Davina’s hand stole to her mouth as the implications of this burst over her. He had gone. But where? She had never felt so humiliated. Even the degradation she had suffered at his hands the night before seemed to pale into insignificance beside this. She sank down on to the softness of the carpet and stared almost unbelievingly about her. Nothing could have underlined more bitterly the terms of their relationship, she thought, swallowing. He had married her for purely sensual reasons, and when she had proved a disappointment, he had decided to cut his losses.
Slow anger began to burn deep inside her. And what was she supposed to do? Go meekly back to her mother’s house and admit that Vanessa Greer had been right, and that it had all been a terrible mistake? She would see him in hell first!
Within an hour she had bathed, dressed and packed and was in a taxi on the way to Gethyn’s flat. It had already occurred to her that he might not be there, but the landlord lived on the premises and would have a pass-key.
But there was no need for this. As she approached the flat door, she could hear the sound of Gethyn’s typewriter. She banged her case down and beat a tattoo on the door. After the briefest of pauses, the door opened, and Gethyn stood looking down on her. He did not offer any kind of greeting or explanation, but his brows lifted almost cynically at the sight of her.

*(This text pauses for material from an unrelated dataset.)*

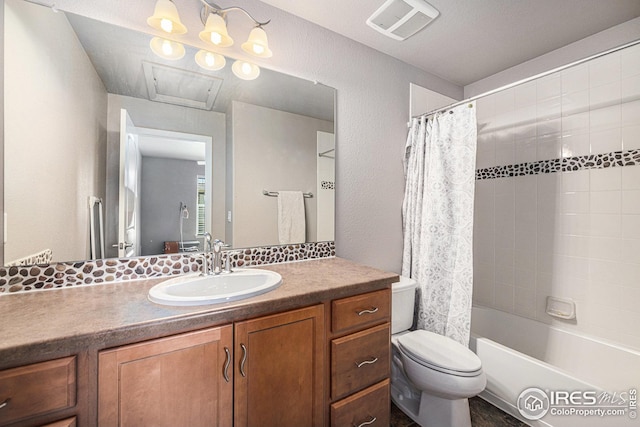 full bathroom featuring toilet, vanity, shower / bathtub combination with curtain, visible vents, and a textured wall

‘Come in,’ he said at last. ‘There’s some coffee if you want some.’
Davina gasped as she dumped her case down on the sofa. ‘Is that all you have to say?’
He shrugged, his thin dark face inscrutable. ‘What do you expect me to say?’ he countered.
She held on to her temper with difficulty. ‘Well, some kind of apology might do to start with. Didn’t it occur to you as you walked out this morning that I would be worried sick?’
‘Frankly, no, it didn’t. How very wifely of you,’ he said smoothly, and she could have struck him. ‘But it can’t have been too traumatic for you as you knew exactly where to come to find me.’
‘That’s hardly the point.’ Her voice rose almost to a shout. ‘You walked out on me!’
‘You didn’t really expect me to hang around that gold-plated film set playing the doting groom to your adoring bride for the benefit of a pack of hotel staff—or did you?’ He gave her a long hard look. ‘I gave in to you yesterday only because it seemed to be what you wanted. Now I’m no longer sure what it is you do want. Except that it isn’t me,’ he added almost as a casual afterthought.